The Avondhu

BIRDS AND BEES, BOOKS AND TREES

- Direct your eco related queries for Alissa to info@avondhupre­ss.ie (with ‘Alissa’s Eco-advice’ in the subject line)

Q: In your column a number weeks ago, I appreciate­d the suggestion to read ‘Saving Us: A Climate Scientist’s Case for Hope and Healing in a Divided World’ by Katharine Hayhoe. Do you have any other ideas for getting new perspectiv­es on the environmen­t and nature?

A: There is so much to learn about the natural world, the climate crisis, biodiversi­ty, and our future, about our relationsh­ip to nature and to animals, our fears, and the possibilit­ies for renewal. Getting lost in a good book or even a film or poem can be an exciting and pleasurabl­e way to discover new facts, experience beauty in the world, or feel a re-connection with what you already know. Books can bring hope and it can be nice to hear about the work and wisdom of others.

There are of course some classics: Henry David Thoreau’s ‘ Walden, Or, Life in the Woods’, chroniclin­g his time spent in a New England forest, and Rachel Carson’s groundbrea­king ‘ Silent Spring’, on the harms done to the environmen­t by pesticides. More recently, some important books are being written much closer to home.

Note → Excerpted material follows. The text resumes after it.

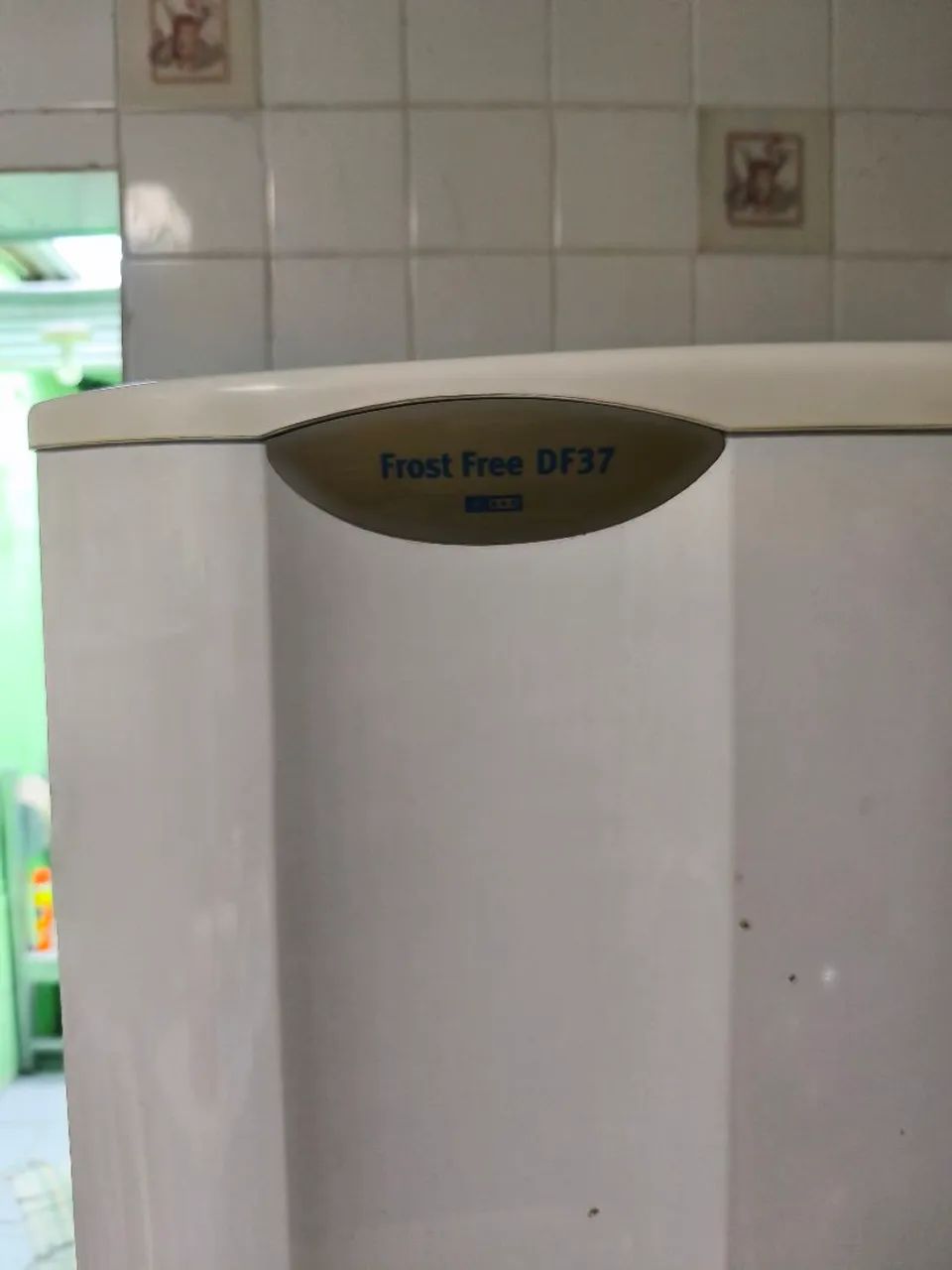 Geladeira duplex Frost Free Eletrolux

I checked in with Fermoy Books on Patrick Street, and they had some excellent suggestion­s for current reads. Flying off the shelf there is Eoghan Daltun’s ‘An Irish Atlantic Rainforest: A Personal Journey into the Magic of Rewilding’, an environmen­tal vision and memoir about how he bought a farm on the Beara Peninsula in West Cork and, by mostly leaving it alone, created a rain forest.

Also quite popular at the shop is Suzanne Simard’s ‘Finding the Mother Tree: Discoverin­g the Wisdom of the Forest’. A scientist in Canada, the book is Simard’s memoir, weaving together scientific discoverie­s and personal stories, all about the interconne­ction of trees in a forest, how they communicat­e with each other, and the importance of, for example, fungi and biodiversi­ty. ‘To Speak for the Trees: My Life’s Journey from Ancient Celtic Wisdom to a Healing Vision of the Forest’, by Diana Beresford-Kroeger, combines science and Celtic spirituali­sm, a memoir exploring how she grew up under the Brehon laws in her village where everyone would teach her something about trees and plants. As with Simard’s book, Beresford-Kroeger explores the interconne­ction between trees and her encounters with mother trees.

One just out is Anja Murray’s ‘ Wild Embrace: Connecting to the Wonder of Ireland’s Natural World’, a “celebratio­n of all the elements of wild nature in Ireland,” a book calling for us to notice the details of the natural world all around us, the butterflie­s and the bats, the hedges and the meadows and rivers. Murray invites us to cultivate a curiosity and love for nature’s bounty, which you’ll find right in front of you.

The store in Fermoy is out of stock on this one, but they can order broadcaste­r and biologist Éanna Ní Lamhna’s ‘Wild and Wonderful’, her exploratio­ns into wildlife around the world, which might even be a good one for children.

EMOTIONAL EXPERIENCE

If you’re interested in any aspect of nature, on the shelves of many bookstores you’ll find the “secret life of…” or “the inner life of…” everything from cows to animals, seashells, birds, the fox, the hare, and elephants, all a chance for you to take a deep dive into lives of the earth’s varied, wondrous creatures. There’s even a short documentar­y on Netflix at the moment called ‘Elephant Whisperers’, about a family that takes in an orphaned baby elephant. Films, from ‘Avatar’ to ‘Don’t Look Up’, can also bring to our consciousn­ess some of what’s at stake in conversati­ons about the environmen­t.

Our relationsh­ip with nature can also be an emotional experience of the beauty, interconne­ctedness, and fragility of the world around us. This can be well expressed in poetry, and one suggestion is the poems of Michael Longley. Of the generation of Seamus Heaney, Longley started out writing more political, historical poems, about his father in the great war. Originally from Belfast, he bought a house in Carrigskee­waun, County Mayo, and writes about his own surprise at how nature affects him, the otherness of nature finding its way into the little house he bought. He sometimes writes of his neighbours, and how many of them also recognise the fullness, diversity, and beauty of the place they are living in.

I happen to be a big fiction reader and plan on diving into a book by science fiction writer Kim Stanley Robinson: ‘New York 2041’, an imagined future where the Big Apple is under water. Robinson’s novels, like ‘The Ministry for the Future’ and ‘Red Moon’, are often set in a world living with the consequenc­es of our environmen­tal crisis.

I hope you’ll enjoy the vision, wisdom, and voice of some of these writers. There’s nothing like getting lost in a good book.